The Expert Technician course consists of six days of tuition at the new Trek Certified Service (TCS) training facility, including lectures by the TCS team and industry partners including SRAM, Shimano, RockShox, Bosch and Fox that cover subjects including mountain bike suspension and high-end road bike assembly, with hands-on instruction complementing the lectures and talks.
The Expert Technician role is historically a senior position. To qualify to attend the course, each of the 11 women had a minimum of three years’ experience in a high-performing service department, and ideally prior formal training. The course concludes with written and practical exams, and upon successful completion the participants will leave with an Expert Technician certification.
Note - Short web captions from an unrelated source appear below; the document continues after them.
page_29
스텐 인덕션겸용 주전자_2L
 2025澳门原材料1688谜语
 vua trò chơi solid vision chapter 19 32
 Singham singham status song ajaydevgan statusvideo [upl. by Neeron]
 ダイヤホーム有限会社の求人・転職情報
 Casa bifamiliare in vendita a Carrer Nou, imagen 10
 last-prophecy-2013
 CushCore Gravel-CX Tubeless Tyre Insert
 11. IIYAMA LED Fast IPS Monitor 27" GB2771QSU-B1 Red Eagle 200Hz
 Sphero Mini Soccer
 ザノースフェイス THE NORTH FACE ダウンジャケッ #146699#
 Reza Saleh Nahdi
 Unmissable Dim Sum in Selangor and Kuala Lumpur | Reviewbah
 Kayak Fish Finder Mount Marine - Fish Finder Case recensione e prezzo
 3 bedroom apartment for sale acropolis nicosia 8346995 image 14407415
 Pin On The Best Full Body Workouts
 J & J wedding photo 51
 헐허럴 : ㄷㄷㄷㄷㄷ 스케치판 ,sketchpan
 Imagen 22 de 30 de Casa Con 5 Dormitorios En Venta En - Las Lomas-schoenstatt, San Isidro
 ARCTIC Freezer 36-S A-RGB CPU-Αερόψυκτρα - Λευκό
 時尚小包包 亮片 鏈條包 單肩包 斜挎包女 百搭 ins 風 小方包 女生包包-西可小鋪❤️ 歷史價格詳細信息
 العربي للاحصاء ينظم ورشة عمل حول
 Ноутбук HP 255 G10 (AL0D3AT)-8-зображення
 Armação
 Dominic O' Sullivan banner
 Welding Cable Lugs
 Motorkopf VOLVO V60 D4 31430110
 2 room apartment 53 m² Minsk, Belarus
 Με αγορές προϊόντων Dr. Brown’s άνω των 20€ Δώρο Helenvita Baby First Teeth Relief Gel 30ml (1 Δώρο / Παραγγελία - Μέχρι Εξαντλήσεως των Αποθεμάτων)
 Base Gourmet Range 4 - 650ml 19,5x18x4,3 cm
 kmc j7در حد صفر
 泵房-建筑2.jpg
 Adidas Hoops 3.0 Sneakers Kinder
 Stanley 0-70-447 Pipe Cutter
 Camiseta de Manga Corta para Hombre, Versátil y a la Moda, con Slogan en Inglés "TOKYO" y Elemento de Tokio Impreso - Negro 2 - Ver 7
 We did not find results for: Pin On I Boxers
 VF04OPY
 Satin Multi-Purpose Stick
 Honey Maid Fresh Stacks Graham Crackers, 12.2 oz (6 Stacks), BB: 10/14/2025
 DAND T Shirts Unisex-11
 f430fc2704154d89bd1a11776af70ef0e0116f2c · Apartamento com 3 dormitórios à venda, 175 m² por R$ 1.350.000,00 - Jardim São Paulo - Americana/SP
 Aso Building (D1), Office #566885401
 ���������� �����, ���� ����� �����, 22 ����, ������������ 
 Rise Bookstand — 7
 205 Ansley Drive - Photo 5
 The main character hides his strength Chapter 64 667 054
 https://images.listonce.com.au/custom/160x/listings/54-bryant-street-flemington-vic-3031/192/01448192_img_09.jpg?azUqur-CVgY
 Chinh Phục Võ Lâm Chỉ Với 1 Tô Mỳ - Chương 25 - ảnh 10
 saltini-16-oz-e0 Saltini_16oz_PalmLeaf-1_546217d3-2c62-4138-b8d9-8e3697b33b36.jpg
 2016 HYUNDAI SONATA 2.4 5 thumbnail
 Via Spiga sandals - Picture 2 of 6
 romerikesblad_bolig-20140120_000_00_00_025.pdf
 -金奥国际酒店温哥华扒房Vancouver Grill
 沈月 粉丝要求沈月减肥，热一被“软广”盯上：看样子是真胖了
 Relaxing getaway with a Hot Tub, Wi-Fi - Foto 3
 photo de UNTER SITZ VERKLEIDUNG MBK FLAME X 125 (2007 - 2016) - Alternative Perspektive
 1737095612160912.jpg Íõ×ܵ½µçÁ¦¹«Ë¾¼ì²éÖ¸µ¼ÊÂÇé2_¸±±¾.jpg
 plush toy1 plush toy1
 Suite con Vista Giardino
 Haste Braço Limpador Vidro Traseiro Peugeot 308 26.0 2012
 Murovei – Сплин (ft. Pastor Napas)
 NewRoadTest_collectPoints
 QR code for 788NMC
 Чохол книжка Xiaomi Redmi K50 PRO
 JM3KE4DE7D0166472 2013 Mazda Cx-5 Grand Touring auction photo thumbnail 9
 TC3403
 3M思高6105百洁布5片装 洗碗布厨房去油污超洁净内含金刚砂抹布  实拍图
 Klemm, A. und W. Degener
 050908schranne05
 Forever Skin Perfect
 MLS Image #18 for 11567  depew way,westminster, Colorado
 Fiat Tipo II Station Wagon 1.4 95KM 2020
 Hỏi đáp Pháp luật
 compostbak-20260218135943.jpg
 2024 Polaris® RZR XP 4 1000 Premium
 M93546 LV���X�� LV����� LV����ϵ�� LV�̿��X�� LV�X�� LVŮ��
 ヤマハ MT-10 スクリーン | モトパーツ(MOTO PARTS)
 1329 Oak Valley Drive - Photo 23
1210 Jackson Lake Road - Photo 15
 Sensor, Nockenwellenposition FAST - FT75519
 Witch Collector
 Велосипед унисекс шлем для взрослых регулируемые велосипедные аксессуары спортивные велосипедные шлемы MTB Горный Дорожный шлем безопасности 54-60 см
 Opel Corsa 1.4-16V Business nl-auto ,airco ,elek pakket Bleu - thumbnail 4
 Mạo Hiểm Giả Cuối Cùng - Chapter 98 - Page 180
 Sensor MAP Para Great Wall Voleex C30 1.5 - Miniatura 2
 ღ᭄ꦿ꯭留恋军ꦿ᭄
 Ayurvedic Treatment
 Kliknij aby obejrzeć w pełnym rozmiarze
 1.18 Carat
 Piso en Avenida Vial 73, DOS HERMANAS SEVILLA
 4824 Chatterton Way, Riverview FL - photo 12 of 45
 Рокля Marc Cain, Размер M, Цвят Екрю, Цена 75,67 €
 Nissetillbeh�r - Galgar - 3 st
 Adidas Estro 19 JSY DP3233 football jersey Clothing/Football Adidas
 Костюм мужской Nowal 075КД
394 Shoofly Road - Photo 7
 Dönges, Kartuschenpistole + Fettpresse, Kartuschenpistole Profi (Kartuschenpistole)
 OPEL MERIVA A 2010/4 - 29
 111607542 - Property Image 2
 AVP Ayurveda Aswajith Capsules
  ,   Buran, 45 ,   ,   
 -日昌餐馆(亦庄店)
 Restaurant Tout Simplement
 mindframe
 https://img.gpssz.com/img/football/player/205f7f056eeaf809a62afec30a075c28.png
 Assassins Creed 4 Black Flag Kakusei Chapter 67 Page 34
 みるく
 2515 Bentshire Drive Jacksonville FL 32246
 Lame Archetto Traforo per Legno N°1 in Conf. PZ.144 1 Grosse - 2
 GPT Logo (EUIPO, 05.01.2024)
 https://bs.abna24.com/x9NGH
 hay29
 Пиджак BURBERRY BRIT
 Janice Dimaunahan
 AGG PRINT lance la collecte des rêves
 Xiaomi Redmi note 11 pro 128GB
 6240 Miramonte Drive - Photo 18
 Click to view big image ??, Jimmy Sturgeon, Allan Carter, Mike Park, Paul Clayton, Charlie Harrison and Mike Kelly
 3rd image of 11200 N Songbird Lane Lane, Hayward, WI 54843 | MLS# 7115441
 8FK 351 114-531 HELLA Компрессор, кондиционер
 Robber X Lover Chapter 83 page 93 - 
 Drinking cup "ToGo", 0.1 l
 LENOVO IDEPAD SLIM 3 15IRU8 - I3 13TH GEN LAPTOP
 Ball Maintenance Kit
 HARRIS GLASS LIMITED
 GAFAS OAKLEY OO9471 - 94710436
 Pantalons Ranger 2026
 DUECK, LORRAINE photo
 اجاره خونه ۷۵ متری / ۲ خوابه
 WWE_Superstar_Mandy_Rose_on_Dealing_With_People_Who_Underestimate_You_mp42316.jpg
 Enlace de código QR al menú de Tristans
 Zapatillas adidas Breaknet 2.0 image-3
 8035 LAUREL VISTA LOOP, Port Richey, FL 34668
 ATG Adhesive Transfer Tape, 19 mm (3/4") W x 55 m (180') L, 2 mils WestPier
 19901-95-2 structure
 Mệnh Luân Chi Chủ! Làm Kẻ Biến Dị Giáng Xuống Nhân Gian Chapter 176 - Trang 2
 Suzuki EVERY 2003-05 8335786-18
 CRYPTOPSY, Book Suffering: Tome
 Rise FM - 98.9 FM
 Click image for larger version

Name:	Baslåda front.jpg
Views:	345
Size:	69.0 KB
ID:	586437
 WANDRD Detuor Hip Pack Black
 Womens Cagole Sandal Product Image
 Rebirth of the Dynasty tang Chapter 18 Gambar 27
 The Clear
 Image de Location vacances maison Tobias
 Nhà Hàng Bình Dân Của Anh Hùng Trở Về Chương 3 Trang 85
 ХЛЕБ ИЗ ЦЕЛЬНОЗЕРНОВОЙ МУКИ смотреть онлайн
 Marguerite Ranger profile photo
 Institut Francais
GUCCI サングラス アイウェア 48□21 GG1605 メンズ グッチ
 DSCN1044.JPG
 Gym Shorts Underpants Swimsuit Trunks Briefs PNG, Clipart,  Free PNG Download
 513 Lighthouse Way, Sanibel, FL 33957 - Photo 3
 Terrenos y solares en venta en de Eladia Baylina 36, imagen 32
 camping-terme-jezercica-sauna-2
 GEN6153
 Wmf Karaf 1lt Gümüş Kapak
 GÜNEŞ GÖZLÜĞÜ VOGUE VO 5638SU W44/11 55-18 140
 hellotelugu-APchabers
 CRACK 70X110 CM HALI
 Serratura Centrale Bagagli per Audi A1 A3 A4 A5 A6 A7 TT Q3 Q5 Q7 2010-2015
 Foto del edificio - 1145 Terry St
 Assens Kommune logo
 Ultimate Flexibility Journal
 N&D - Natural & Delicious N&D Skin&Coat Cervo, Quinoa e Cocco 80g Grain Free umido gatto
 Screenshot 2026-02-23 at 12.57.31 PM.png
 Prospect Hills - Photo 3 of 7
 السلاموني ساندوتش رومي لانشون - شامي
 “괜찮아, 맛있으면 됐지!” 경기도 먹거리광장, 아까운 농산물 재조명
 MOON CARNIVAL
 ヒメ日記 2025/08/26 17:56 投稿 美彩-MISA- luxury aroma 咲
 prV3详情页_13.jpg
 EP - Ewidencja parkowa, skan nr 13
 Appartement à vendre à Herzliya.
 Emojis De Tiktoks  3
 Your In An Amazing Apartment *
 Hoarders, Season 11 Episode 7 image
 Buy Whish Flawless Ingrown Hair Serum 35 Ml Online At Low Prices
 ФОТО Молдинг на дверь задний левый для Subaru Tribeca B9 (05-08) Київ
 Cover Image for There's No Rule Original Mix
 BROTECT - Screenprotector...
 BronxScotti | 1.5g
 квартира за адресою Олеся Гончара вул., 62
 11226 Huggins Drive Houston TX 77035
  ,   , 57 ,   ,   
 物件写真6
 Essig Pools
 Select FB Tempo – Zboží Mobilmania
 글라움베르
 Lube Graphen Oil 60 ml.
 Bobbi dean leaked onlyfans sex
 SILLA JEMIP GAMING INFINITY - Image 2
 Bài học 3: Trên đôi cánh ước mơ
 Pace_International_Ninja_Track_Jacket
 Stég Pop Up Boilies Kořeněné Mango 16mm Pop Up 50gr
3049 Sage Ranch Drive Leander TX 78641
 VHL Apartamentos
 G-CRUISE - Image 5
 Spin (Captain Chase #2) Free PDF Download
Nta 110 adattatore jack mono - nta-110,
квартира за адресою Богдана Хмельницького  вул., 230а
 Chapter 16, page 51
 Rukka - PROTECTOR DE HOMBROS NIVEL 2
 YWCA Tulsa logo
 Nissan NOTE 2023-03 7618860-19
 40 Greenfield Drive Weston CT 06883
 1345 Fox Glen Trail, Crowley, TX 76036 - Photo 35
“This is a tremendous opportunity to bring more women into the service profession, and Trek is making a great effort to bring professionalism into our business,” said Troy Laffey, technical ambassador and course instructor for SRAM. “Service really is the future of our industry, and I’m excited for the opportunity to play a role in this course.”
Successful applicants had their course fees waived and were provided with a travel stipend Trek Bicycle
This is the third course Trek has offered for female mechanics in 2016, the others being Assembly Technician with a focus on training up staff new to the role, and Repair Technician, covering the essential and most common maintenance and repair requirements faced by bike shop workshops on a regular basis.
Trek provided the course for free to successful applicants, along with a $400 travel stipend.
“We’ve seen an overwhelming response to these,” said Trek women’s marketing manager Emily Bremer, adding that Trek would likely run the programme again in 2017.
Other bike companies are supporting the development of women’s pro cycling and the growth in numbers of women participating in the sport, for example via the Bell JoyRide ambassador program and Canyon’s sponsorship of the Canyon//SRAM race team. While there are grass-roots level programs that are supporting women in the male-dominated maintenance environment, such as the London Bike Kitchen and the Bristol Bike Project in the UK, this is the first time to the best of our knowledge that a big brand has embarked upon such an endeavour.